The father of an Australian jihadist jailed for travelling to Syria to join an Islamist terror group says his son's secular high school was a 'religious hothouse' that made him ashamed of his heritage.
Mehmet Biber, 25, who flew from Sydney to the Middle East in 2013 to join Jabha al-Nusra, was sentenced on Friday to at least two-and-a-half years jail after pleading guilty to entering a foreign state intending hostile activity.
During sentencing, the court heard of his father's concerns about Parramatta High School in Sydney's west, where his jailed son was a student.
'We were very happy Australian public schools were totally secular and glad we sent Mehmet to one.

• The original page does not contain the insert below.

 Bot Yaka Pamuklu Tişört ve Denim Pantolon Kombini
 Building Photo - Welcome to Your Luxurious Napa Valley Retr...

We were misinformed... We came to learn it was a religious hothouse,' the court heard, according to The Daily Telegraph.
The court heard Biber's father, Gaven, believed religious practices were 'a constant feature' of education at the school, and that teachers thought they were being were being 'culturally sensitive' by encouraging it.
The court heard the father believed Biber was made to feel ashamed of his Alawite heritage, a branch of Shia Islam.
'Visiting mullahs and prayer groups and school employed emirs were a constant feature of education there. All of them it seemed legitimising a strain of Sunni fundamentalism,' the court heard.
The father tried four times to alert authorities before his son travelled to Syria. He later went to Turkey himself to persuade him to come home.
Outside court on Friday, Mr Biber said Mehmet posed no risk to the community and just wanted to get on with his life.
'We did everything in our power to stop him but, unfortunately, the authorities gave us no assistance whatsoever,' he said. 'Any parent would have done the same thing that I did.'
Justice Christine Adamson on Friday jailed Biber for four years and nine months with a non-parole period of two and a half years.
During a NSW Supreme Court hearing last week, Biber insisted he never went near the front line because his hosts - from the moderate Ahrar al-Sham group - were protective of Australians.
However, he conceded he would have tried if allowed. Justice Adamson accepted part but not all of his evidence.
She considered his offending 'well below the mid-range of seriousness' for the charge which carries a maximum sentence of 20 years. Biber's youth and naivety at the time of the trip were mitigating factors, the judge said.
His decision to leave behind his pregnant wife in Australia and pose for photos during the trip with a group of men holding assault rifles were indicative of his immaturity.